To do
Only a single number is expected: how many lines of the data hold the word "flower".

Dataset entries
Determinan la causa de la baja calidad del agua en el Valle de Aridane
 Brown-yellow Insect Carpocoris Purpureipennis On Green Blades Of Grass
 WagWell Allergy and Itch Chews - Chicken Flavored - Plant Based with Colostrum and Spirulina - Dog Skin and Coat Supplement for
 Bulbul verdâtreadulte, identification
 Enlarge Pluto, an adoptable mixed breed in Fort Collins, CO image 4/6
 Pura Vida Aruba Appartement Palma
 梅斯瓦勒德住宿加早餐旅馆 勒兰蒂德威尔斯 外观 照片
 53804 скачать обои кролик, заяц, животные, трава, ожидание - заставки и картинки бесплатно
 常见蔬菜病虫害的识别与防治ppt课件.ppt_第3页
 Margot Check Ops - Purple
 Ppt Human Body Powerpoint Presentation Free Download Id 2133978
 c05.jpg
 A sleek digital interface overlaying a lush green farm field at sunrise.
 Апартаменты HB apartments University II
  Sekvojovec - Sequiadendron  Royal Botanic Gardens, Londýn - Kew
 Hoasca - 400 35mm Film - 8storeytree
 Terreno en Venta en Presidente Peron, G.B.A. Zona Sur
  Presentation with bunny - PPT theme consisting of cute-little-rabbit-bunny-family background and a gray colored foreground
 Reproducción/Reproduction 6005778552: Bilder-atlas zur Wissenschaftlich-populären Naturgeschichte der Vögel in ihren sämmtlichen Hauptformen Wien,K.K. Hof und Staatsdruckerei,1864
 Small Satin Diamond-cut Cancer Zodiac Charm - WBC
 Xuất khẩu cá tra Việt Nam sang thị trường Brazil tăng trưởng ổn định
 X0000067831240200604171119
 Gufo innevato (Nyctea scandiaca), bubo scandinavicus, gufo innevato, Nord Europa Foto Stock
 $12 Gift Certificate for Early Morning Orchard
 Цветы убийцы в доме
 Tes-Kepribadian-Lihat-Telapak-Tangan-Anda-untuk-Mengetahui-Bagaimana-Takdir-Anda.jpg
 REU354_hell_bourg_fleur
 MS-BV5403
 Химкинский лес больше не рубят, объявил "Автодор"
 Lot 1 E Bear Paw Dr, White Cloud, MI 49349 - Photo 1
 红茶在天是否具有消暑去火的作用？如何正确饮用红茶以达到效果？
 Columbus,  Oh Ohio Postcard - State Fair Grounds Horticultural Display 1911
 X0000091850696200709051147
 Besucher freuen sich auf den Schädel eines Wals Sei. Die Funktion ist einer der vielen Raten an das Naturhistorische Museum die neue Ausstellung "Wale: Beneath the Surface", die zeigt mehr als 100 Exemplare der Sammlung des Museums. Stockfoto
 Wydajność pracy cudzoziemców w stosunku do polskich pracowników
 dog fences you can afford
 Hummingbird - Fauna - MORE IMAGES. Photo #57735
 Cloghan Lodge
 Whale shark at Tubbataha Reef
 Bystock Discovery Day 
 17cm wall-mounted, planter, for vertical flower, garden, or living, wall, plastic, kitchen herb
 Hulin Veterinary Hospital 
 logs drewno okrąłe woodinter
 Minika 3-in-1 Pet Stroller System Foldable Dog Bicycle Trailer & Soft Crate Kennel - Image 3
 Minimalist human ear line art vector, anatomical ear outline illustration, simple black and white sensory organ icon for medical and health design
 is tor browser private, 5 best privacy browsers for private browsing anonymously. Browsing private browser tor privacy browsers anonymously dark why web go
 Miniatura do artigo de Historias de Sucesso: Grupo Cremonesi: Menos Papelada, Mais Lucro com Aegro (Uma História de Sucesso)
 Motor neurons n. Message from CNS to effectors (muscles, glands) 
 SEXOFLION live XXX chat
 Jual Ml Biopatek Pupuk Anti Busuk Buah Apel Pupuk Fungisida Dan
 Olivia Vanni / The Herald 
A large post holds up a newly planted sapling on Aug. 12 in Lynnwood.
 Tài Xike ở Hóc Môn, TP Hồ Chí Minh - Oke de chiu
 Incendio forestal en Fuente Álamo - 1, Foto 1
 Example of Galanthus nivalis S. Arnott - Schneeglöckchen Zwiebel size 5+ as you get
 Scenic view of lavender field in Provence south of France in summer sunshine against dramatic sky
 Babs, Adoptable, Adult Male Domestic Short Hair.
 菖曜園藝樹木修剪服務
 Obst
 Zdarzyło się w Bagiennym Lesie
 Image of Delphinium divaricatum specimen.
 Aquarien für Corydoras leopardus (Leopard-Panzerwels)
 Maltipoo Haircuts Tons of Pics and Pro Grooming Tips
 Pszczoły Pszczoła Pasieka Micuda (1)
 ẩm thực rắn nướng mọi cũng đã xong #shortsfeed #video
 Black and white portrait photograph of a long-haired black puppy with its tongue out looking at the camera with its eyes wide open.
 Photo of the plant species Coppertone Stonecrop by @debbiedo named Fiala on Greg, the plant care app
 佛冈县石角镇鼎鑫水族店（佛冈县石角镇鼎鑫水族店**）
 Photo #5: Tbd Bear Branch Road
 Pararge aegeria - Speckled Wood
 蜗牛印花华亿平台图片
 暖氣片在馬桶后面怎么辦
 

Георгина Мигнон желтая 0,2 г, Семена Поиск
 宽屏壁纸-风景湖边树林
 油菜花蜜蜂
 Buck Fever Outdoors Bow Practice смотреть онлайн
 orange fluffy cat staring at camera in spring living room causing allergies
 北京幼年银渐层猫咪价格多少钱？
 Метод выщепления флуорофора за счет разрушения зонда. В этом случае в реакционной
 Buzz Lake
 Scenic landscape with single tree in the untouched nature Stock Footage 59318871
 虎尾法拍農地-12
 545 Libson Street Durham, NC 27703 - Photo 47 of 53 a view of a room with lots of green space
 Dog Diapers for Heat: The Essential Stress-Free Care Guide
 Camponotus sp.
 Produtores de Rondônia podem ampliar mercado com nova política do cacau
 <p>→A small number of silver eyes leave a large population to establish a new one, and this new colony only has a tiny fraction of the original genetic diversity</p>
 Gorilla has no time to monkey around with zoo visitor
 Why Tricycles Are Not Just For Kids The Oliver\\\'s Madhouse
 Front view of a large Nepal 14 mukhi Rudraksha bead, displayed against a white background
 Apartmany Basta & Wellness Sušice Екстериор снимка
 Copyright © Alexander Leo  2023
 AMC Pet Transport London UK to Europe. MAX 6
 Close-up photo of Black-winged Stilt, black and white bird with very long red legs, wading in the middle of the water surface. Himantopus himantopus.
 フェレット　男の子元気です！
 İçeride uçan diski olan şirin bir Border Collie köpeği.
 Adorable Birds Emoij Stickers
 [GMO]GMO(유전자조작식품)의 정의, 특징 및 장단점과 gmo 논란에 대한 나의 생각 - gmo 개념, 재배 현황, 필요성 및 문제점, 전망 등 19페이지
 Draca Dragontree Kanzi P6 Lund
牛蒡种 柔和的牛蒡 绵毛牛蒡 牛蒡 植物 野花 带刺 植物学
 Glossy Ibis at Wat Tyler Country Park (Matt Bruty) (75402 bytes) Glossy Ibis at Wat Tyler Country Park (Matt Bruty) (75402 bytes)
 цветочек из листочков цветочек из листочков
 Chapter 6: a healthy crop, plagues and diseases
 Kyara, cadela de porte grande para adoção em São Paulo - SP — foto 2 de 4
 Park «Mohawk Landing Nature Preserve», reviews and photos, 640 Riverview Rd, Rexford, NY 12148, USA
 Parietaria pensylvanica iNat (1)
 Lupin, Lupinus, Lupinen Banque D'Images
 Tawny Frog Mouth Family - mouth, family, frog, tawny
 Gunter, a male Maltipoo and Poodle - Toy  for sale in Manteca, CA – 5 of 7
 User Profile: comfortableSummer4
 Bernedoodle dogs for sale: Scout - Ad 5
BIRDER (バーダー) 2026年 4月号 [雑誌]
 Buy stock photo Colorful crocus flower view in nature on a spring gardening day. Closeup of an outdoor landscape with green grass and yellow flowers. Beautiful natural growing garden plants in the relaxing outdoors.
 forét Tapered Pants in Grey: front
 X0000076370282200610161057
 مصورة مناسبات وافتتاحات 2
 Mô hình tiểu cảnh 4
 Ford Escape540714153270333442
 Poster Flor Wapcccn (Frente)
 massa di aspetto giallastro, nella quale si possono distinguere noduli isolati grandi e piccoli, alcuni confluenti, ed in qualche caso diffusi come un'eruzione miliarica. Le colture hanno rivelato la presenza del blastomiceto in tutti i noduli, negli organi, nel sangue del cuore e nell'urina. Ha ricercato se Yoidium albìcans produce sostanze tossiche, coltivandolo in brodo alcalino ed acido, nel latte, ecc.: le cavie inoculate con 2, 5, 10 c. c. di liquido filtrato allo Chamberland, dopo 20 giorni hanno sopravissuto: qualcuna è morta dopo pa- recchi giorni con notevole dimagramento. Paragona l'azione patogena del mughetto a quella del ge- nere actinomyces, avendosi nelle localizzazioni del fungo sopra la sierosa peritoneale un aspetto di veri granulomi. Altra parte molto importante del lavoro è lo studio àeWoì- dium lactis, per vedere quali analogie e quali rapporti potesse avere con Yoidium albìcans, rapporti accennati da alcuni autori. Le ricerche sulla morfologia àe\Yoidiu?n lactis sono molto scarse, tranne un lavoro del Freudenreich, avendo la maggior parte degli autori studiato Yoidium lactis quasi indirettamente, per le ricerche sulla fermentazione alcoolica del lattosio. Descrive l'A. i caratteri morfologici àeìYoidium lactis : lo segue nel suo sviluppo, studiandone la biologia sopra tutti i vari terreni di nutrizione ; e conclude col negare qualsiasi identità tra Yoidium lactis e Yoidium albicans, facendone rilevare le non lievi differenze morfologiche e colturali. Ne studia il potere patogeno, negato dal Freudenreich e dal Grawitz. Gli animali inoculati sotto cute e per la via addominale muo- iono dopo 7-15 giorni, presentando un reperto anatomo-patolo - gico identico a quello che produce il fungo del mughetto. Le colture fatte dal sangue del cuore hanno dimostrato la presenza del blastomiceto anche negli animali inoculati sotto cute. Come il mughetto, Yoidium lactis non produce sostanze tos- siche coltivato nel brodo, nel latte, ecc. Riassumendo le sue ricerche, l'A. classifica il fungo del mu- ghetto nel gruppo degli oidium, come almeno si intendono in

Result for this exercise
2